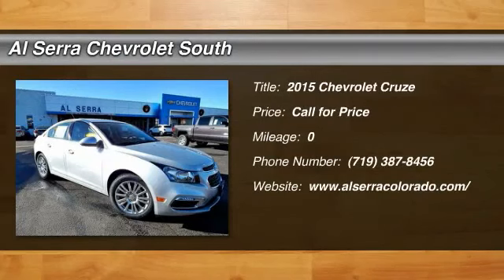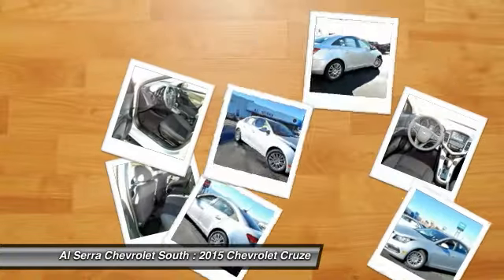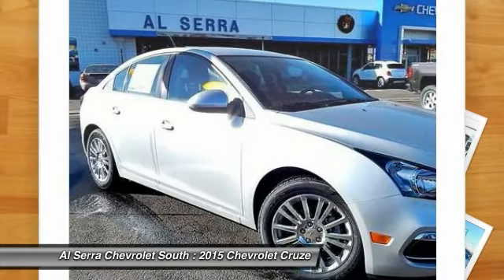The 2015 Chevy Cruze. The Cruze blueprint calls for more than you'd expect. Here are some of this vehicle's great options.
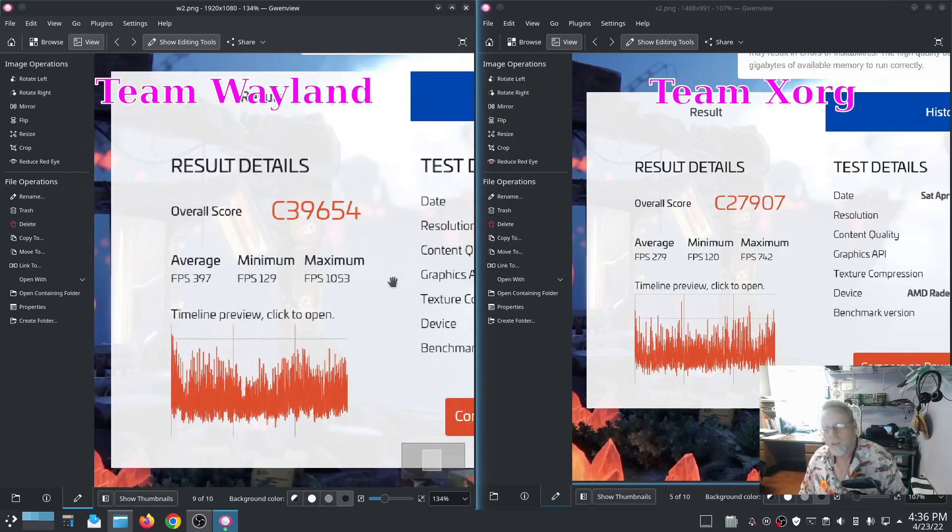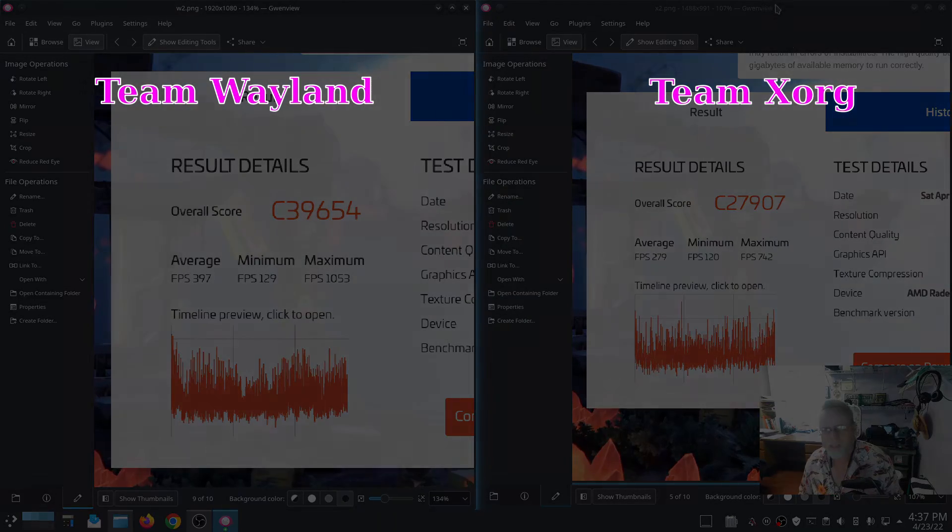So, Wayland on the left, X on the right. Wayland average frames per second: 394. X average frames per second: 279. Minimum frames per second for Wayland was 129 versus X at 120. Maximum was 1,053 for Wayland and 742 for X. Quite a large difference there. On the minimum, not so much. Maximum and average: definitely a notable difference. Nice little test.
===============
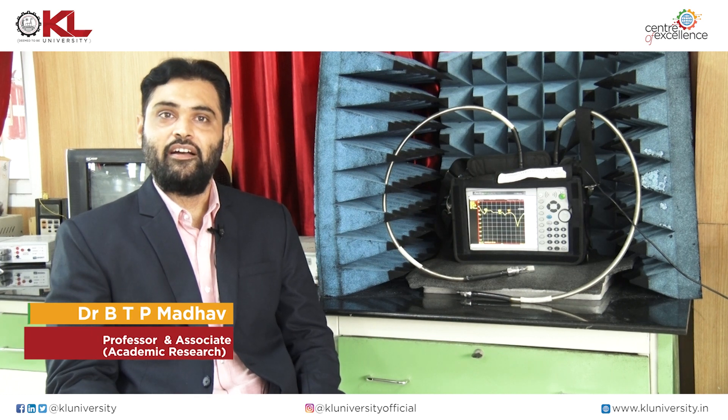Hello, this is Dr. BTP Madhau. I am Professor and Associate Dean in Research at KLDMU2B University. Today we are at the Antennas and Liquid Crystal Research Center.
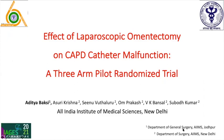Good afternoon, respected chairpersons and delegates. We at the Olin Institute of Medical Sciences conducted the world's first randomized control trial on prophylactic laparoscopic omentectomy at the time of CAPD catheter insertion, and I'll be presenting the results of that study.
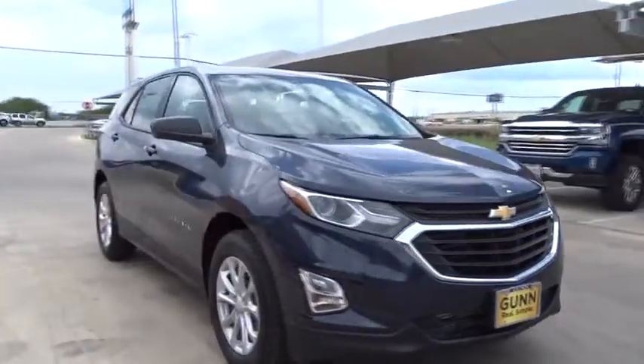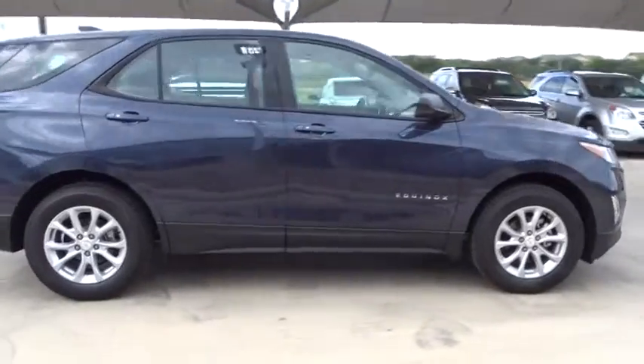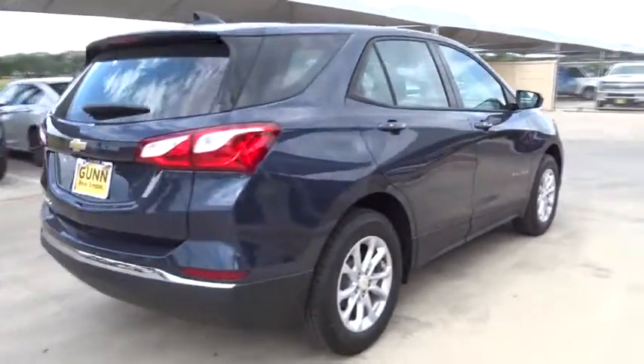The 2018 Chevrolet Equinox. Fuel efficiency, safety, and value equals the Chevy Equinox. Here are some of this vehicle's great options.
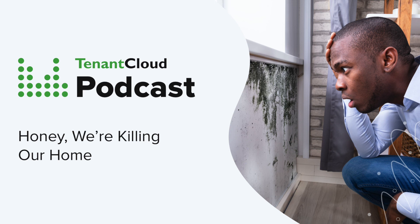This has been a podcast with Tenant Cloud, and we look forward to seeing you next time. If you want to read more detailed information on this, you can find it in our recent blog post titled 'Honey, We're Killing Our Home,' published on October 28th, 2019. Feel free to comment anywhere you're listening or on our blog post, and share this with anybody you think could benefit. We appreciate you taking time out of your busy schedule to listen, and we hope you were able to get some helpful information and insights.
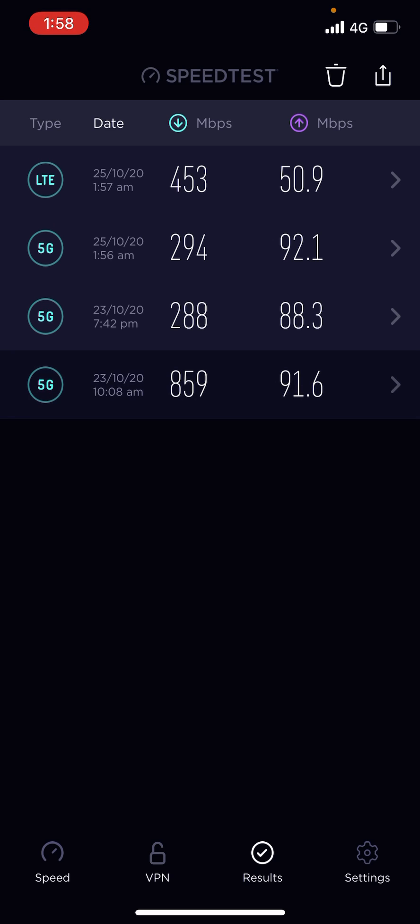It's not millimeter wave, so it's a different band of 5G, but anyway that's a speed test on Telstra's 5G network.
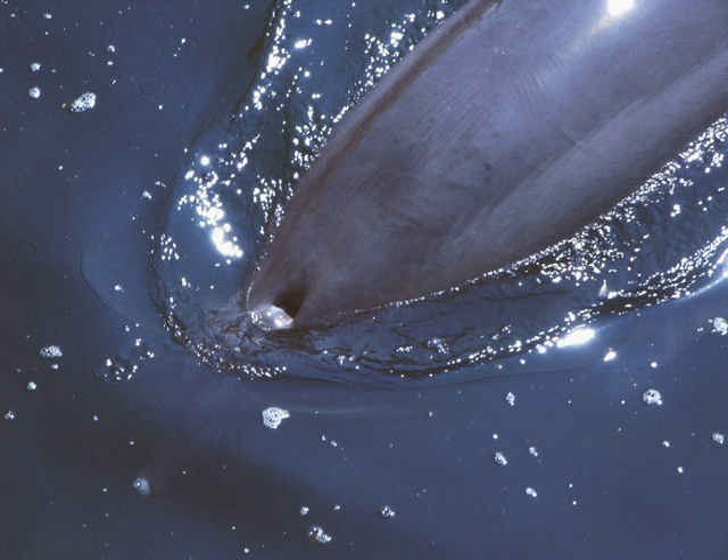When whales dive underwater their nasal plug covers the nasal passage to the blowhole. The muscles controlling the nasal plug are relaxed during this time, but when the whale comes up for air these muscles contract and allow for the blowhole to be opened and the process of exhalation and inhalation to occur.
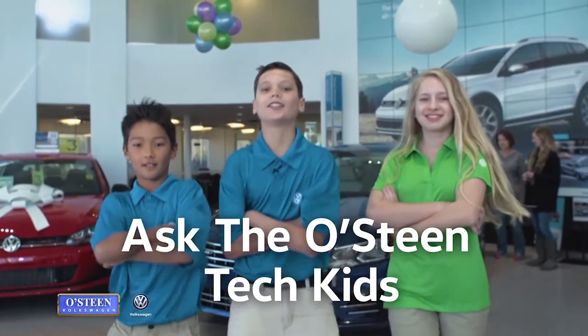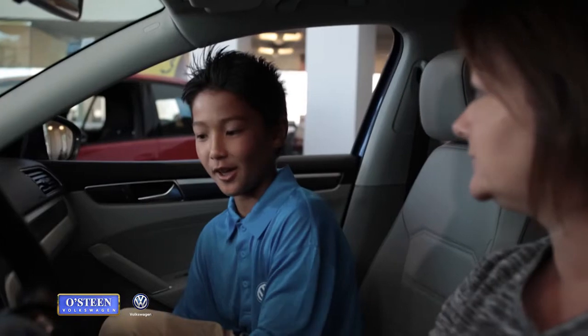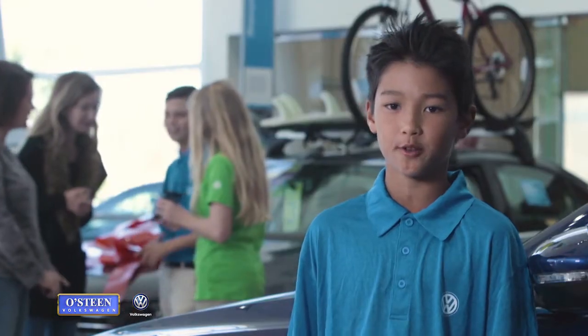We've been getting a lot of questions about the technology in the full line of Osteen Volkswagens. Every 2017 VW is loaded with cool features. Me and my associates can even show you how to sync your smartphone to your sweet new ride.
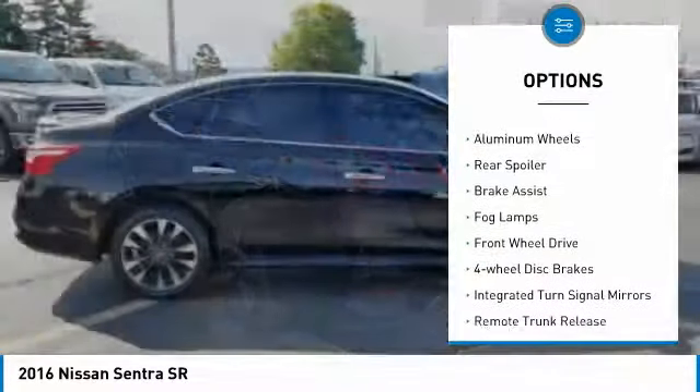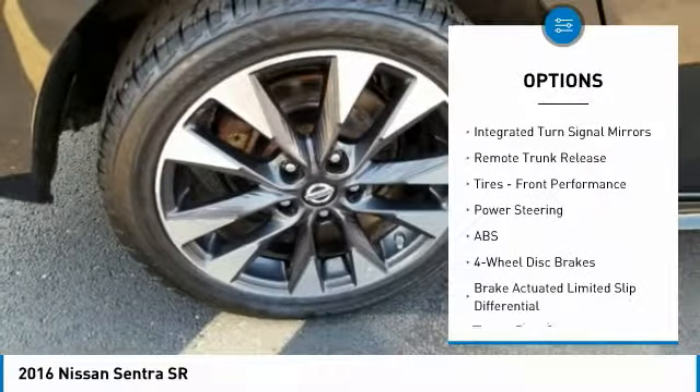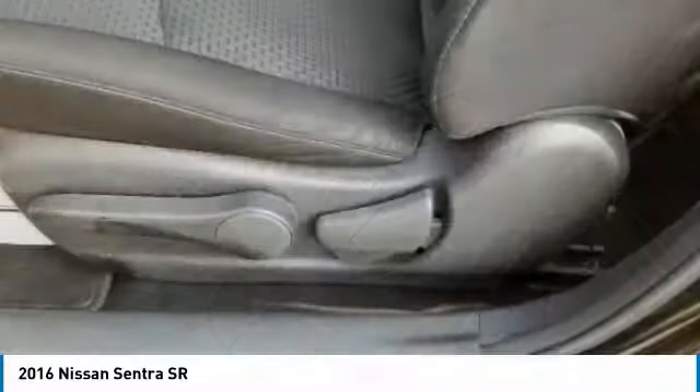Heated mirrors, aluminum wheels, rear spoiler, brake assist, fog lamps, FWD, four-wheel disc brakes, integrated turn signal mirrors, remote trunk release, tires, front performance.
===============
### Description of the task
Among the records above, locate the line containing "We've been getting" and the line containing "Heated mirrors, aluminum", then transcribe exactly the lines starting at the first and ending at the second, with no pictures.

### Answer space
We've been getting a lot of questions about the technology in the full line of Osteen Volkswagens. Every 2017 VW is loaded with cool features. Me and my associates can even show you how to sync your smartphone to your sweet new ride.
Heated mirrors, aluminum wheels, rear spoiler, brake assist, fog lamps, FWD, four-wheel disc brakes, integrated turn signal mirrors, remote trunk release, tires, front performance.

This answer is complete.